Bekki looked to where she and Apricity had stacked their brooms at the entrance to the field. "Better fly, then." she said. "Coming, Apricity?"

Two witches and a demon made their way back down the furrows.

"Good job it's still half-froze." Grindguts remarked. "This'd be a right bugger to move in when it gets muddy."

Apricity shrugged.

"You get used to it." she said.

The Guild of Assassins, Filigree Street, Ankh-Morpork. The month of Offle. (1)

"Remarkable." Matron Igorina said, concluding her examination. "All done, for now. You can get dressed, Johanna."

Johanna gratefully swung off the examination table, and began reaching for clothes, feeling oddly vulnerable.(2) She felt grateful that Igorina, at least, wasn't calling her "My Lady."

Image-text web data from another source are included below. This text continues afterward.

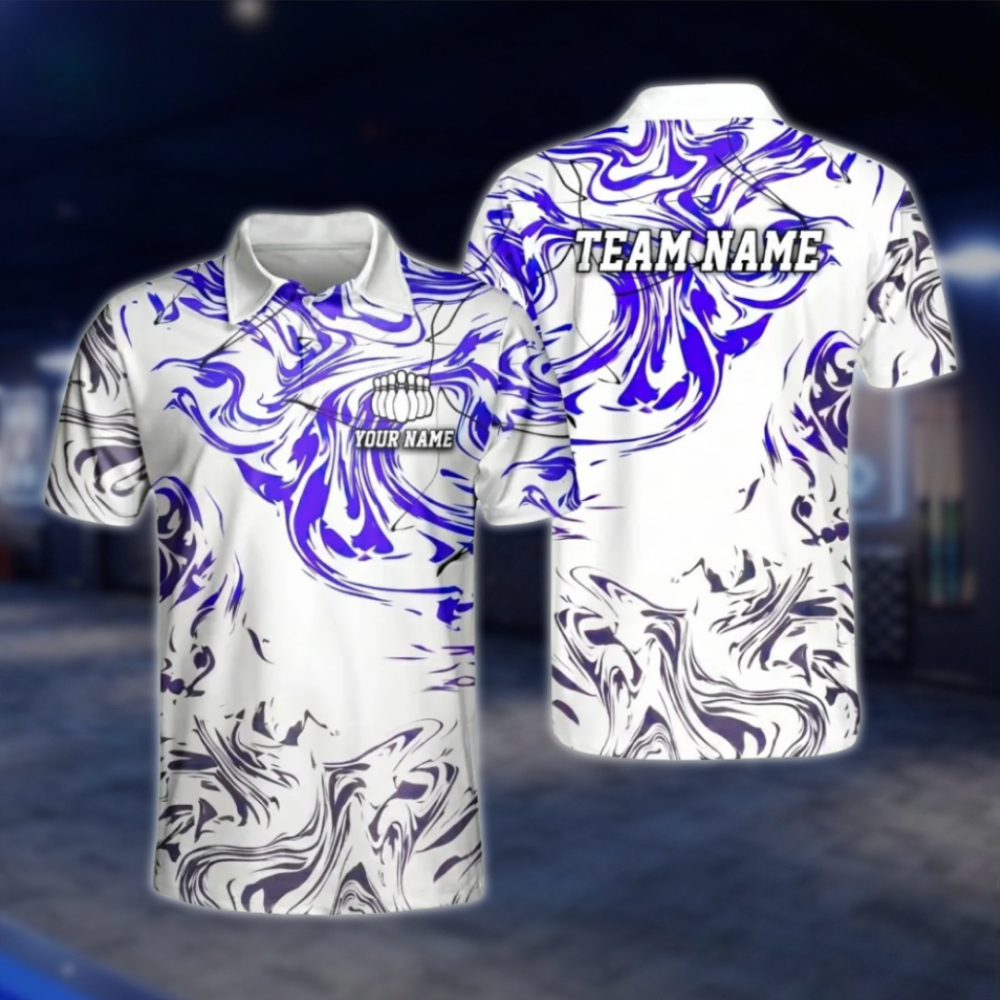 Custom Team Purple White Abstract Bowling Mens Polo Shirt, Custom Bowling Team Shirts BZ0480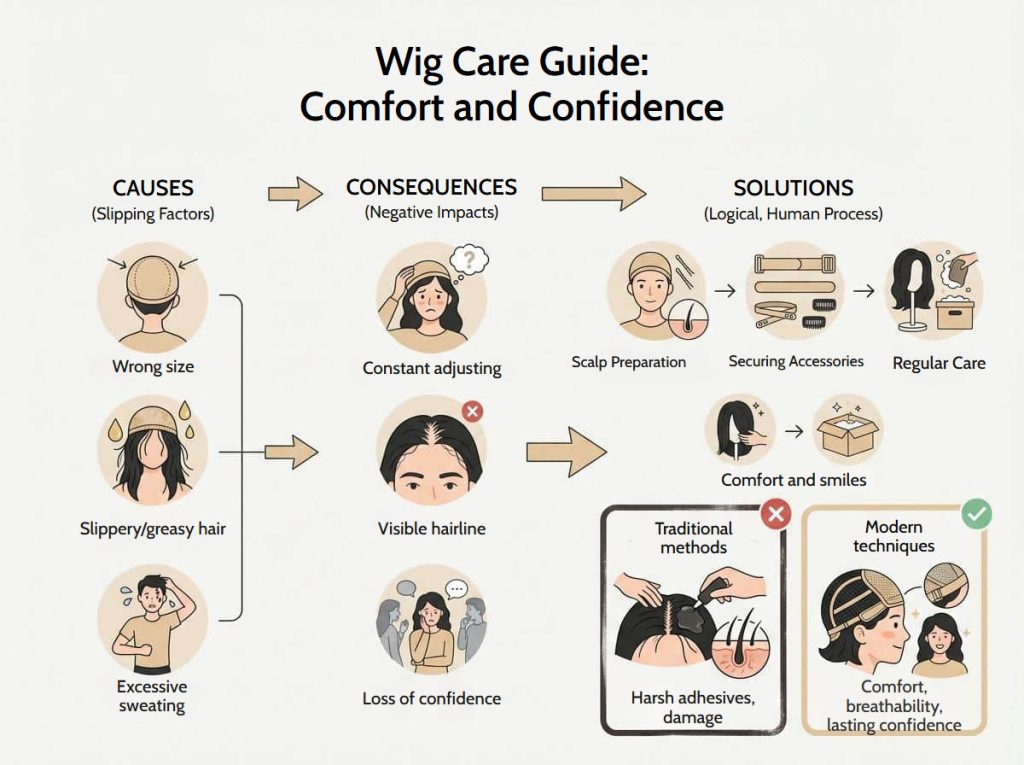 Infographic wig care guide: causes of slipping, consequences and solutions for comfort and confidence when wearing a wig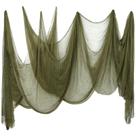 Tecido assustador de Halloween, verde azeitona, 7 m x 2,2 m, poliéster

"Why remarkable?" she asked, suspecting that she wouldn't like the answer. A little bit of her remembered, uneasily, those nagging little pains in her chest she got from time to time, which came out of nowhere for no readily apparent reason. She'd shrugged them off as one of those things, and nothing to worry about. But Bekki had been insistent... she'd decided to have Igorina take a look, if only to humour her daughter and to be able to say "Yes, Rebecka, I have asked for advice on this."

Igorina gave her a long look.

"It's remarkable that you have come to ask for medical advice. Without being forced to, or ordered to, and completely of your own free will."

Johanna winced slightly.

"So. Igorina. Is there enything there I should be concerned ebout?"

"I'd know better if you allowed me to take a proper look inside." Igorina said, sternly.

"Not a bleddy chance." Johanna said, firmly. Her medical adviser shook her head. She'd been forced to make a more remote diagnosis than Igors usually liked to, using non-invasive techniques like stephoscopes, questioning about family history, and asking the patient about observed symptoms. She'd pointed out to Johanna that actually being able to directly observe your heart in action would cut through the uncertainty. With the added bonus that if she directly spotted anything not right, it could be fixed there and then. And I'd do my best cosmetic stitching afterwards, none of those clumsy eighteen-inch scars along the breastbone that male Igors like so much.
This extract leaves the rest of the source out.